Data for the task Block Start

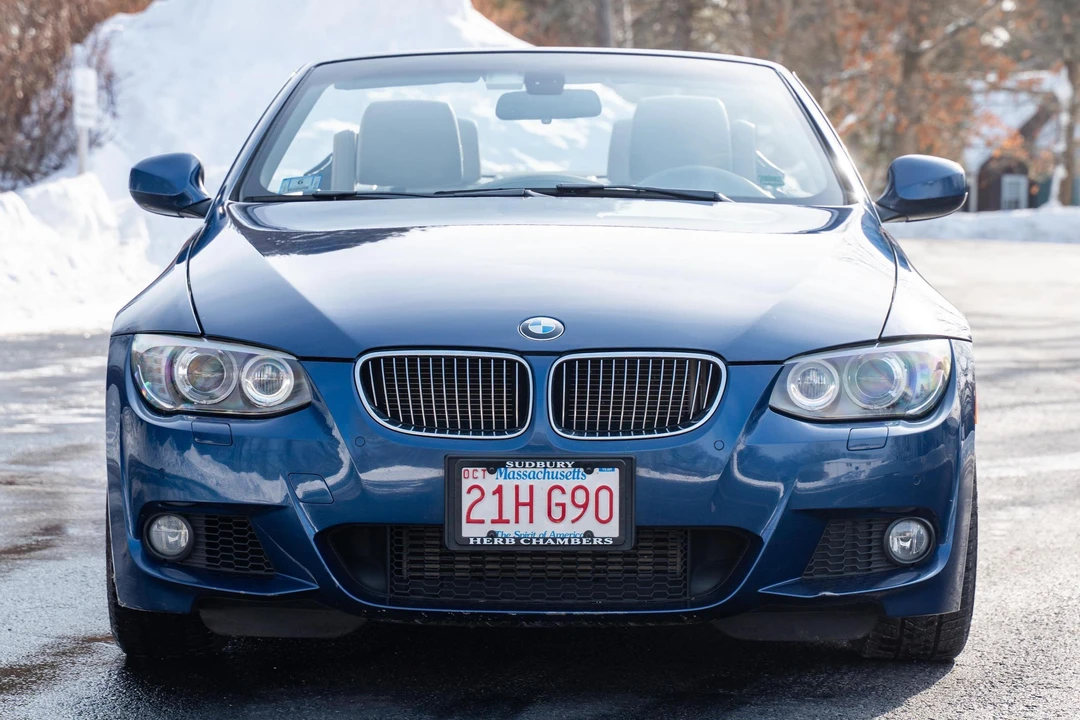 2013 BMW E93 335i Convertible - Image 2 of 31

Data for the task Block End
Data for the task Block Start

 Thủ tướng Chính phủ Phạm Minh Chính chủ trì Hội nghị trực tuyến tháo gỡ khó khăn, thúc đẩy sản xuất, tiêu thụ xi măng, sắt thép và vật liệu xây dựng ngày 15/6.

Data for the task Block End
Data for the task Block Start

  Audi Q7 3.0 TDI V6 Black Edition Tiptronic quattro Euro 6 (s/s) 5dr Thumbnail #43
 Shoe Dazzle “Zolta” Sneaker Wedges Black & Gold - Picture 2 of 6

Data for the task Block End

Task description
Could you repeat exactly the lines above from the line with "Audi Q7 3.0" up to and including the line with "Picture 2 of 6", and only those?

Task result
  Audi Q7 3.0 TDI V6 Black Edition Tiptronic quattro Euro 6 (s/s) 5dr Thumbnail #43
 Shoe Dazzle “Zolta” Sneaker Wedges Black & Gold - Picture 2 of 6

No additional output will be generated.